> WHAT YOU WILL DO
Exact repetition of a range: find the line containing "Empower Yolo Big" and the line containing "Wozinsky VT-02 Mini" in the material below, then repeat both and all lines between them, leaving pictures out.

[Opening STUDY MATERIAL section]

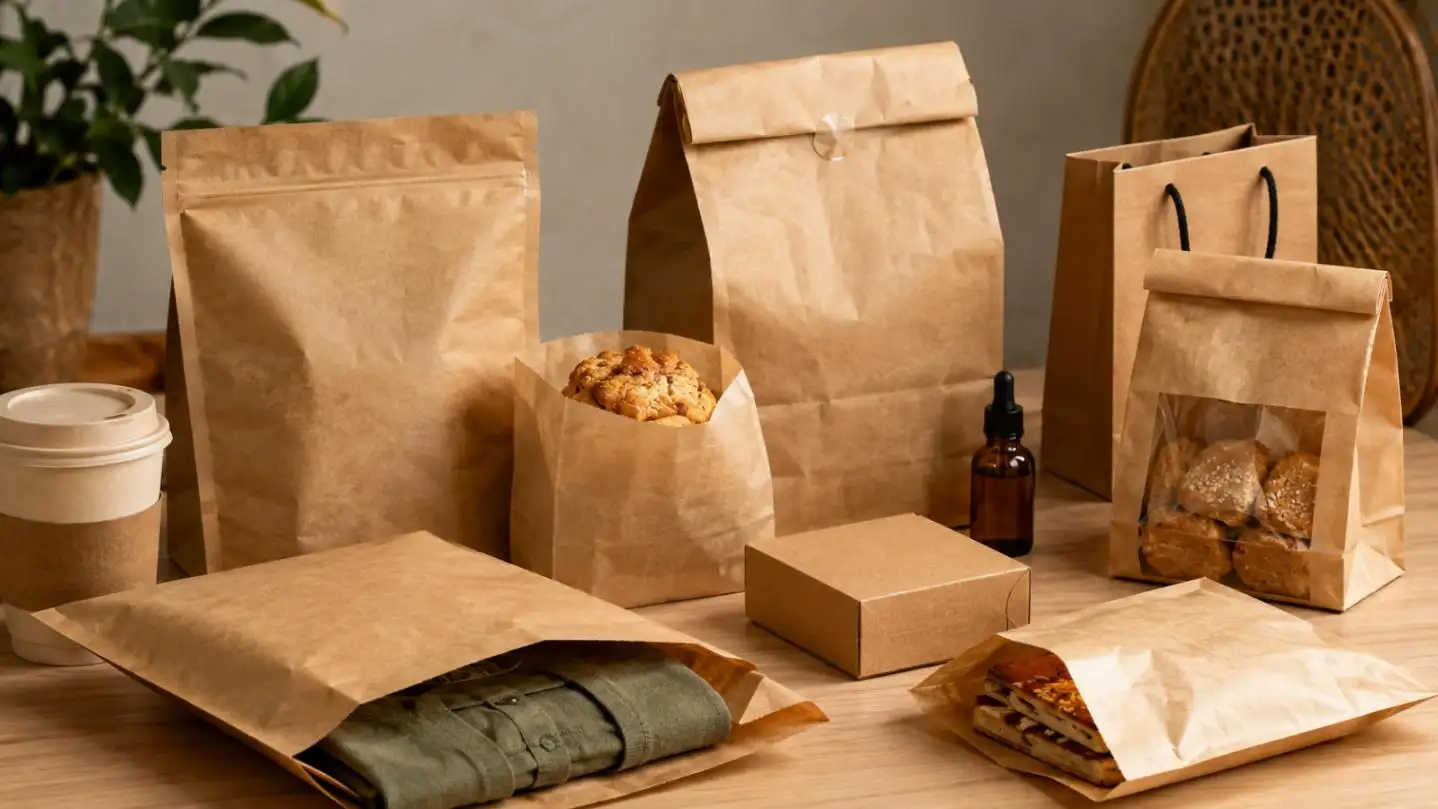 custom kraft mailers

[Closing STUDY MATERIAL section]
[Opening STUDY MATERIAL section]

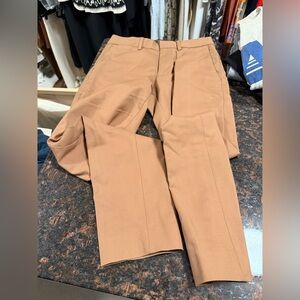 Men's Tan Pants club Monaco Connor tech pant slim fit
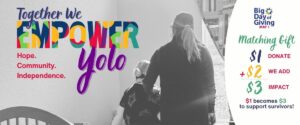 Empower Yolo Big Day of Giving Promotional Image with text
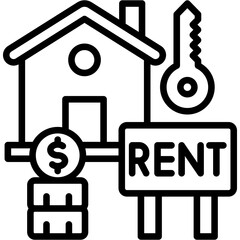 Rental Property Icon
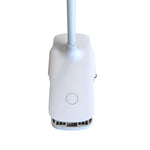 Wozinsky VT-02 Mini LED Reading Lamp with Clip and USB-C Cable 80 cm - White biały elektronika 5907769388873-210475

[Closing STUDY MATERIAL section]

> EXERCISE RESPONSE
 Empower Yolo Big Day of Giving Promotional Image with text
 Rental Property Icon
 Wozinsky VT-02 Mini LED Reading Lamp with Clip and USB-C Cable 80 cm - White biały elektronika 5907769388873-210475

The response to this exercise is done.